Le Président Alassane Ouattara et son nouveau ministre de la Justice, Sansan Kambile devraient renforcer le système judiciaire du pays afin qu’il puisse rendre une justice attendue depuis trop longtemps, selon HRW.
Le rapport de 62 pages, intitulé «La justice rétablit l’équilibre: Vers une lutte crédible contre l’impunité pour les crimes graves commis en Côte d’Ivoire», exhorte le gouvernement ivoirien à tout mettre en œuvre afin que les tribunaux ivoiriens rendent une justice crédible.
Le rapport de Human Rights Watch s’appuie sur plus de 70 entretiens menés auprès de représentants du gouvernement ivoirien, de membres des institutions judiciaires, de représentants d’organisations non gouvernementales, d’experts en justice pénale, de représentants de l’ONU, de diplomates et de représentants des bailleurs de fonds.
«Les victimes des crimes haineux perpétrés durant la crise postélectorale souffrent en silence depuis cinq longues années», a déclaré Param-Preet Singh, juriste senior auprès du programme Justice internationale à Human Rights Watch. «Les procès des principaux criminels des deux camps adresseraient un message clair que les auteurs de graves violations des droits humains ne pourront échapper à la justice», a-t-il précisé.

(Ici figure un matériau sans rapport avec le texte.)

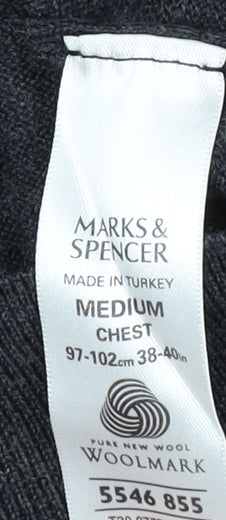 Marks and Spencer Men's Black Medium Stripe Pullover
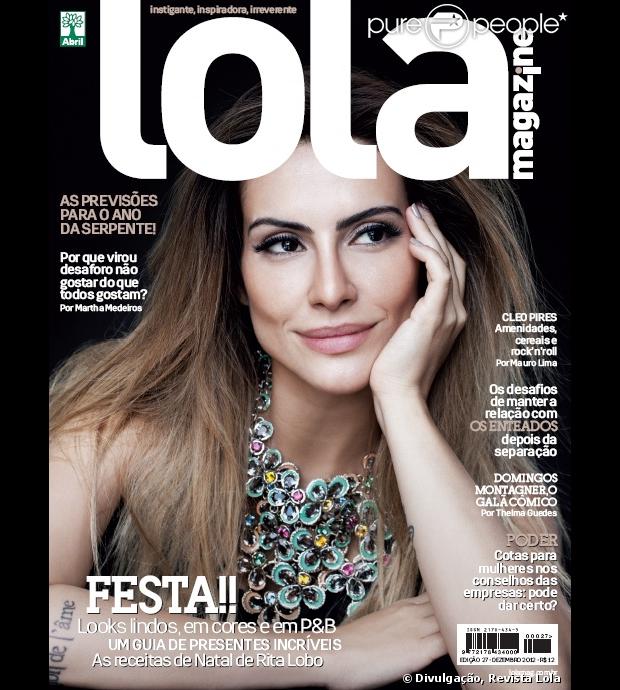 Cleo Pires posa usando maxicolar para a edição de dezembro da revista 'Lola'; a capa foi divulgada em 14 de dezembro de 2012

Cinq mois de conflits post-électoraux faisant 3.000 morts
En décembre 2010, le refus du président sortant Laurent Gbagbo de céder le pouvoir à Alassane Ouattara, reconnu vainqueur de l’élection présidentielle par la communauté internationale, a été suivi de cinq mois de conflits durant lesquels les forces fidèles aux deux camps ont commis de graves exactions. Des civils ont été sommairement exécutés. Des femmes ont été violées en réunion de façon brutale. Des villages ont été réduits en cendres. Lorsque le conflit a pris fin, plus de 3.000 civils avaient été tués et plus de 150 femmes avaient été violées au cours de la violence perpétrée au nom de facteurs politiques, ethniques et religieux. En juin 2011, le Président Ouattara a créé un groupe de travail de juges et de procureurs – Cellule spéciale d’enquête et d’instruction – visant à promouvoir les efforts pour traduire en justice les auteurs des crimes liés à la violence postélectorale.
En 2015, la cellule a mis en accusation plus de 20 personnes (y compris des membres de haut niveau des forces des deux camps) pour leur rôle dans les violations des droits humains commises pendant la crise postélectorale.

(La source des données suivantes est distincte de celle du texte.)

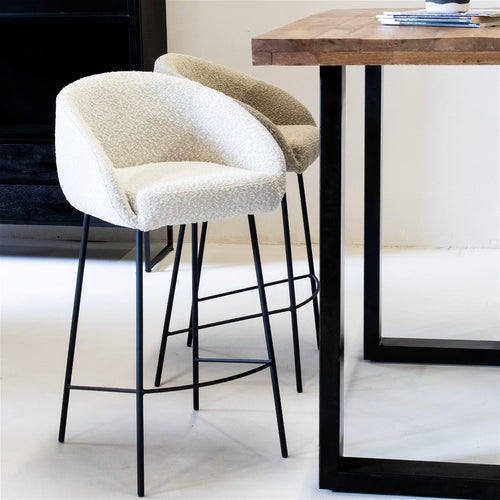 Giga Meubel Barstoel Lova - Stof/Metaal - Beige - Set van 2 - vtwonen shop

Renforcer l’indépendance du pouvoir judiciaire
Même si les progrès accomplis dans les enquêtes sont encourageants, Human Rights Watch précise que la justice ne sera rendue aux victimes que si les criminels sont jugés lors de procès indépendants, impartiaux et équitables. Sur ce, l’institution recommande au gouvernement de renforcer l’indépendance du pouvoir judiciaire, de protéger les juges, les avocats et les témoins impliqués dans des affaires sensibles, de soutenir les réformes juridiques qui respecteraient les droits des accusés à un procès équitable.
Le rapport soutient par ailleurs que les accusés non jugés devraient bénéficier d’une liberté provisoire et que le Président Ouattara devrait également affirmer clairement que les grâces présidentielles sont exclues pour les auteurs de crimes graves.

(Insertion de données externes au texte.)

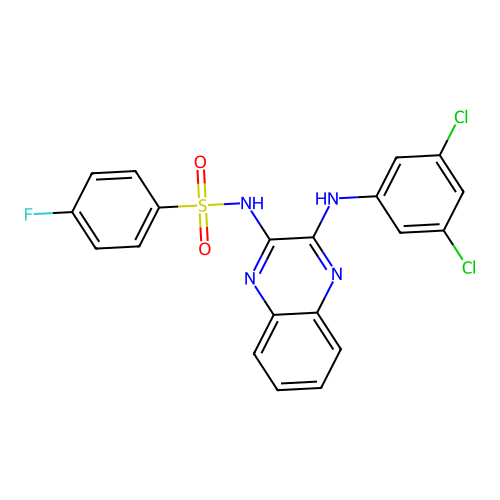 N-(3-((3,5-dichlorophenyl)amino)quinoxalin-2-yl)-4-fluorobenzenesulfonamide structure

Le camp Gbagbo, seul coupable?
Le cas de la condamnation en mars 2015 de l’ancienne première dame Simone Gbagbo pour crimes contre l’État (et non pour violations des droits humains) commis pendant la crise postélectorale en est une preuve. Elle fait également l’objet d’un mandat d’arrêt émis par la CPI pour avoir fait partie du «cercle rapproché» présumé ayant orchestré des violations massives, mais la Côte d’Ivoire ne l’a pas encore transférée à La Haye, en dépit de son obligation de le faire en tant que pays membre de la Cour.
Or, jusqu’à ce jour, aucun mandat d’arrêt contre des membres des forces pro-Ouattara n’a été émis, même si la Procureure de la CPI, Fatou Bensouda, a affirmé en 2015 que les enquêtes de son bureau sur le camp Ouattara ont avancé.
Cependant, la mission de la Cour Pénal internationale est remise en cause. «Le travail de la CPI demeure essentiel, pour garantir que les victimes des deux parties au conflit obtiennent justice et pour renforcer la légitimité de la Cour en Côte d’Ivoire», a déclaré Param-Preet Singh.
Les partenaires internationaux de la Côte d’Ivoire, notamment la France, les États-Unis, l’Union européenne et les Nations Unies devraient apporter le soutien politique, technique et financier nécessaire au renforcement des efforts du pays visant à mettre effectivement un terme à l’impunité pour les crimes les plus graves, selon Human Rights Watch.